The film succeeds on many levels, not least the casting. Broderick was the ideal choice, though at the time Michael J Fox would have been just as easy. But it is with the other cast members that made the choice of Broderick the right one. Alan Ruck (nearly thirty at the time) had been working with Broderick on the stage, they where already friends and brought that chemistry to the set. The third main, Mia Sara, fitted into the group effortlessly and this triangle is the foundation on which the film stands firm. The supporting cast including, but not limited to, Jeffrey Jones, Jennifer Grey, Edie McClurg, Charlie Sheen and the sublime Ben Stein all fit their respective roles to a tee. They none have particularly demanding roles, but such is the skill of the characterisation that each has a peculiar trait that is instantly identifiable, instantly recognisable and as such the comedic potential is enormous. Strange then that watching this film again that I felt it was pretty light in comedy, oh sure there were moments of fun, but never any laugh out loud moments, or am I getting to old....?
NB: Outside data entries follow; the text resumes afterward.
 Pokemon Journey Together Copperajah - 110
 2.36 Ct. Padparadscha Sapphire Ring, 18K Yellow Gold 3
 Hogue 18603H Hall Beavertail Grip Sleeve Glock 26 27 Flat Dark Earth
Hughes has managed to craft a film that remains as relevant today as when it was created, the themes of friendship, uncertainty, sibling rivalry, parental attitudes (both good and bad) and responsibility are what keep the audience coming back each generation. What at first could be perceived an eighties individualism quickly expands into selfless friendship and bonding. Perhaps number twenty six is the rightful place in the comedy hall of fame after all, as a light comedy it is, but as an expression it is even better.